Identity, or, more broadly, consciousness formation, as argued here, is the sense of individuality or subjectness of the mind determined and negated, as Theodor Adorno points out, by society through, in Foucaultian terms, its “manifold forms of domination,” i.e., power relations. This means in contemporary times, the “manifold forms of domination” by which the “modernizing ethos” of capital coming out of the West (America in particular) seeks to universalize its identity and form of social relation all in the attempt to (re)produce surplus value on a global scale (Wallerstein 1982). The problematic of this sociocultural turn in identity or consciousness formation—that is, the view that race and ethnicity, culture, and identity are not determined by biology but are instead sociohistorical constructs based on institutionalized power relations—has been raised by post-colonial theorists.

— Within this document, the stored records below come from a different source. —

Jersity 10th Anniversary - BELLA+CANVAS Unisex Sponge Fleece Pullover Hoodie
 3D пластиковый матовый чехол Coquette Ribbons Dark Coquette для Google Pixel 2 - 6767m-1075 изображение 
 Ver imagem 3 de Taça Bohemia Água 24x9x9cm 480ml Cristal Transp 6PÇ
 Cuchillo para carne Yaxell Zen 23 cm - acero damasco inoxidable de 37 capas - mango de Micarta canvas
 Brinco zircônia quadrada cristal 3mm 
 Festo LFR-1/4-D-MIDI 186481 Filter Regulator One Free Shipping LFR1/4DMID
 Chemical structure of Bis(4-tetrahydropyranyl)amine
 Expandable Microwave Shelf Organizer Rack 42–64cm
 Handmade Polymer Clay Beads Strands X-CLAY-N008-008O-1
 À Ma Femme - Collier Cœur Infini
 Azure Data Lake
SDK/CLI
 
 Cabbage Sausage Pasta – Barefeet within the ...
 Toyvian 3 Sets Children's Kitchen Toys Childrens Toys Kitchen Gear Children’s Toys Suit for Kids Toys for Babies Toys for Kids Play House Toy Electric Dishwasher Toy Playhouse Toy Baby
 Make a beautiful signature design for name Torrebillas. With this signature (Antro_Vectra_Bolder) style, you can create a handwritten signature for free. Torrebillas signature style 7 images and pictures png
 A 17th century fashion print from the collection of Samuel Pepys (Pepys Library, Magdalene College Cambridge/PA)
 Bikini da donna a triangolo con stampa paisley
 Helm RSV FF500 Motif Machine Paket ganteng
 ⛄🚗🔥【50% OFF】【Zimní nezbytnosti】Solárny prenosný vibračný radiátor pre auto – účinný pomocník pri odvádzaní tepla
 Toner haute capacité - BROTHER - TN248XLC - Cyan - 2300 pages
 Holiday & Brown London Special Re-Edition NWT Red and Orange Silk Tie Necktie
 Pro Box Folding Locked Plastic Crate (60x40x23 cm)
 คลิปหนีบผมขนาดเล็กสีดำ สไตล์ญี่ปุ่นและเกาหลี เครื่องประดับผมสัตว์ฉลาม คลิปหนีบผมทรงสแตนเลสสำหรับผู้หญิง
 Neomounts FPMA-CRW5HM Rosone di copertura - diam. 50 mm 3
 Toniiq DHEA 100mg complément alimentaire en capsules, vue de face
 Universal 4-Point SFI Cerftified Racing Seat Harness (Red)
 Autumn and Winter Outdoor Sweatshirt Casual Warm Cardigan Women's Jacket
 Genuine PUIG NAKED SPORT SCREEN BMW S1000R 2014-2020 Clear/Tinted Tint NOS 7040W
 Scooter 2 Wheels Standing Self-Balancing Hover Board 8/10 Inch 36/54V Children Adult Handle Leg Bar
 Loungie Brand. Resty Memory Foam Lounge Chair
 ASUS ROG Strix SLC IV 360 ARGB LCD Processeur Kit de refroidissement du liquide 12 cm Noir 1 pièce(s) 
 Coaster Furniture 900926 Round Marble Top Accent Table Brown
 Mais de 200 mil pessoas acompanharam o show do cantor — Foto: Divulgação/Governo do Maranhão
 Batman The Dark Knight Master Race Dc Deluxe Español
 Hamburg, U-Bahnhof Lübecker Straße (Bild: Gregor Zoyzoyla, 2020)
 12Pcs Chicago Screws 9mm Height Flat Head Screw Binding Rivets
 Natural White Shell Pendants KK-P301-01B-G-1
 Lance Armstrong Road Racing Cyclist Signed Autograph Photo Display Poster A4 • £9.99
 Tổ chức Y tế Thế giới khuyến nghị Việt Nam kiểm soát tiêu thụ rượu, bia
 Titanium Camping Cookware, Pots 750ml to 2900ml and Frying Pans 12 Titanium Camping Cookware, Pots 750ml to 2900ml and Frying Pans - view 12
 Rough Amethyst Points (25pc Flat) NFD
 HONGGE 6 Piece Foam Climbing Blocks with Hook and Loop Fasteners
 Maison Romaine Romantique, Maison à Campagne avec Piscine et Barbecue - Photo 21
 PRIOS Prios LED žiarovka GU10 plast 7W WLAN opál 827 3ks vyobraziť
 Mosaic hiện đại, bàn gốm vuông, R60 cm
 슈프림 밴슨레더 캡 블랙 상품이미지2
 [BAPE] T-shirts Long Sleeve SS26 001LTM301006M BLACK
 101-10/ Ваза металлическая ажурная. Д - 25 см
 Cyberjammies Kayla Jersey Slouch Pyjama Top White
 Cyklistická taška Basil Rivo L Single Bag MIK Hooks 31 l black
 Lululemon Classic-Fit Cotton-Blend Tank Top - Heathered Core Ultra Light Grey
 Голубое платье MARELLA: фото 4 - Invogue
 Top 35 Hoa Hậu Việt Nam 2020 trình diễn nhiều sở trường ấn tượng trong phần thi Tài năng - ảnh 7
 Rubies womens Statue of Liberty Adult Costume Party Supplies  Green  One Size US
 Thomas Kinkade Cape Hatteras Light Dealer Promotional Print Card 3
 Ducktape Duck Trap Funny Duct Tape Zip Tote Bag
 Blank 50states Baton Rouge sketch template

This problematic centers on the notion of the heterogeneity/hybridity of the subjected individual and whether or not those who have been oppressed (subaltern) or discriminated against on account of their “distinct” identity, i.e., “Other” form of being-in-the-world, from the “practical consciousness” or hegemony of the determining global (American) capitalist social structural (i.e., societal) framework, have a distinct identity or consciousness from which to utter confrontational words against their oppressors. Homi Bhabha and Gayatri Chakravorty Spivak, whose writings represent the two divergent views, are also the two most outstanding postcolonial scholars on these subjects. This paper critiques their understandings of identity construction in order to better understand the identitarian antisystemic nature of contemporary Islamic fundamentalist movements’ vis-à-vis that of communist Cuba and the black American struggle for freedom.